Thursday, 27 March 2008

Frequently Asked Questions

questionmarks
What is the joy of freethought?
The positive primordial feeling of using our own brain on the so-called last questions before it has been replaced by imposed religious beliefs, and after it has been regained by deconversion. A view that emphasizes the good sides of living with a free mind as opposed to attacking bad sides of religion.

Dare it? Is it dangerous?
No. At least not more dangerous than religion. But for most adherers, religion implies a big value which will cause fear of loss if threatened. Only a shift of view will show that the real values of religion will not be lost, and that the gain of freethought will exceed a possible loss by far.
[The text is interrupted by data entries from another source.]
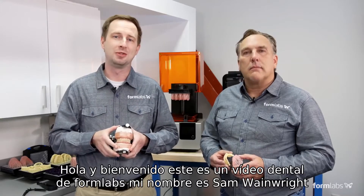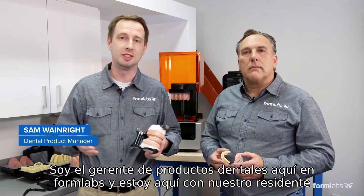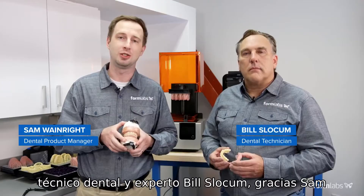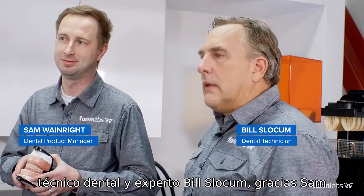Hello and welcome. This is a Formlabs dental video. My name is Sam Wainwright. I'm the dental product manager here at Formlabs, and I'm here with our resident dental technician and expert, Bill Slocum. Thank you, Sam.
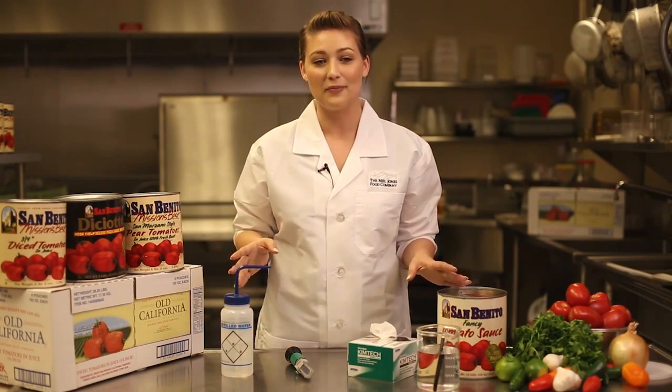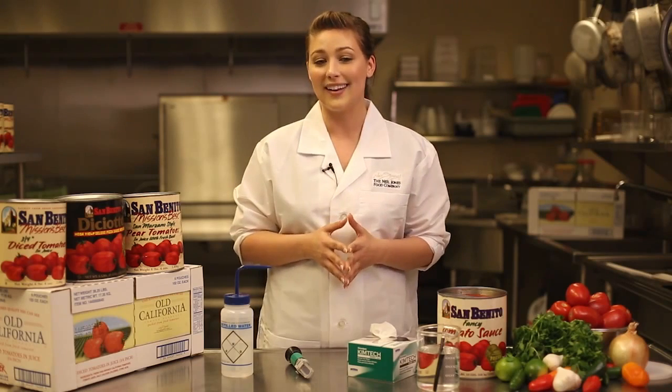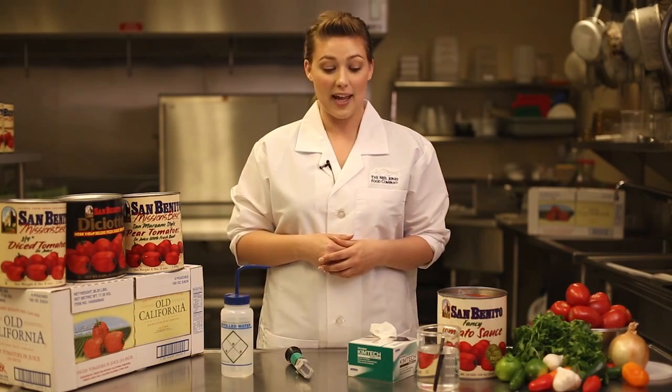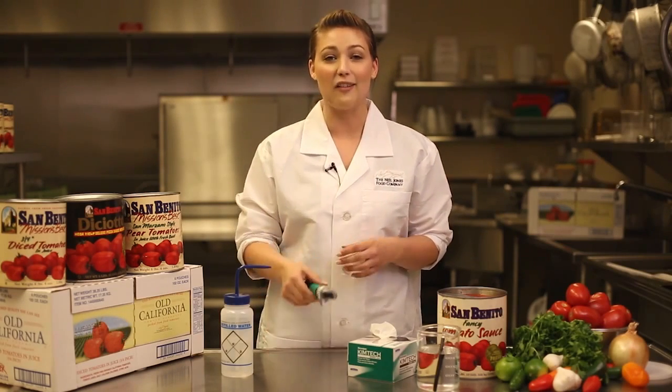Restaurant operators generally have a specific sweetness level that they target for various applications. We measure BRIX using a refractometer. Today I'm going to discuss with you what that is, how to properly use it, the types of products it can be used with, and how to properly take care of it. Today we're going to be talking about the handheld analog unit.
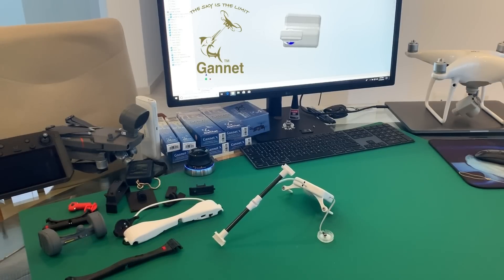Hello guys, my name is Jacques Venter. I'm the chief designer of Gannet. All the Gannets that you have seen in the market were designed by myself and my team. Today we are very excited to introduce to you the next generation of drone release systems. But before we do that, let's have a quick stroll down memory lane.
Do it? Do you want to proselytize?
Not quite. Rather encourage. I have the impression that many out there are not really comfortable with their religion. Instead of living it in a compromised, undecided way, they could be happier with undogmatic freethought and a full commitment to a secular humanism. But for all those who are happy with their religion, it might be better to stay with it.

Do you hate Christianity?
No. I have just grown out of it, and I still appreciate its content that is relevant to humanism, and I admire the great cultural achievements such as the music of Bach. I am also comfortable with my first name and with the reasons of my dad to choose it for me. The spiritual world in which I have grown up is and will forever be part of my life, and I do not deny this part of my personal history.

Are you an atheist?
This question may be less important than you may think, but yes. At least at the moment. Freethought is a thinking mode, not a belief, and for a freethinker every belief is subject to a possible change. But it is not very likely that I'll come again to believe in a personal God who has planned my life and who does guide it.

Do you believe in a soul?
Yes, but not in one that is separate from my brain and that has existed before my brain and will exist after my brain has disappeared. The soul is a function or phenomenon of the brain, and this is not meant as a depreciation but, on the contrary, as admiration and awe of natural wonder.

So you do not believe in afterlife?
No. I did not exist before I have been conceived, and I'll return to this same state after my death. But, due to my life, the world has changed its state - see also my remarks on butterfly effect. I think that the finite duration of life, as opposed to a supposed endless duration, adds more value to it. When there is no life after death, life before death becomes more important and precious.